Le FN sur le point de tourner la page Jean-Marie
C'est une voix et des mots que l'actuelle direction du Front national préfère ne plus entendre à la tribune lors des ses défilés du 1er mai. C'était Jean-Marie Le Pen en 1998. Il s'en prenait à Jacques Chirac : "Non content d'avoir fait tranporter la réserve d'or de la banque de France à Francfort, en "Deutschland", ce que n'avait pas espérer Hitler, ni consenti le maréchal Pétain après la défaite de 1940, c'est Chirac qui l'a fait, comme un super-collabo ", lançait Jean-Marie Le Pen devant des militants surchauffés.
Visions de la seconde guerre mondiale
Ces petit jeu "provoc'" de références à la seconde guerre mondiale, qui plonge en fait l'extrême-droite dans ses propres racines, ce rappel détourné à un héritage, Marine Le Pen avait déjà dit qu'elle ne voulait plus l'assumer.
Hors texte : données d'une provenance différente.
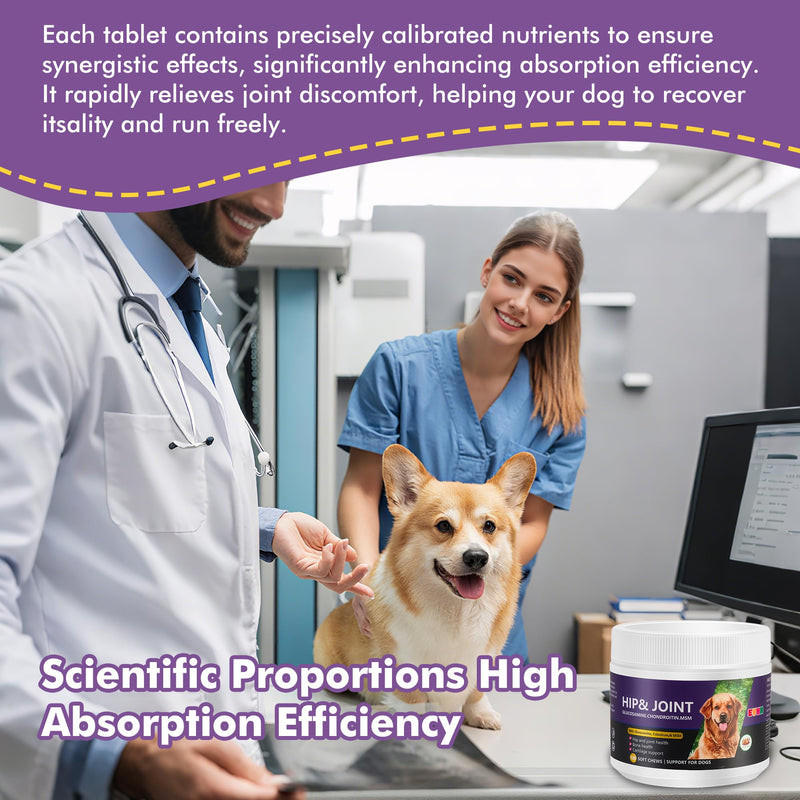Glucosamine Chondroitin MSM Chewable Tablets for Dogs - Hip & Joint Support Supplement with Vitamins, Chicken Flavor, Joint Pain Relief for Puppies & Senior Dogs, 120 Count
Elle s'en est expliqué en 2008, interrogée sur l'affaire du détail : "C'est un sentiment de Jean-Marie Le Pen sur une période de l'Histoire. Ce n'est pas une ligne politique, ça ne participe pas du programme du Front national. Donc la question ne se pose pas. J'ai dit que je ne partageais pas cette vision de la seconde guerre mondiale. On peut avoir des divergeances sans que ça touche à des éléments fondamentaux ".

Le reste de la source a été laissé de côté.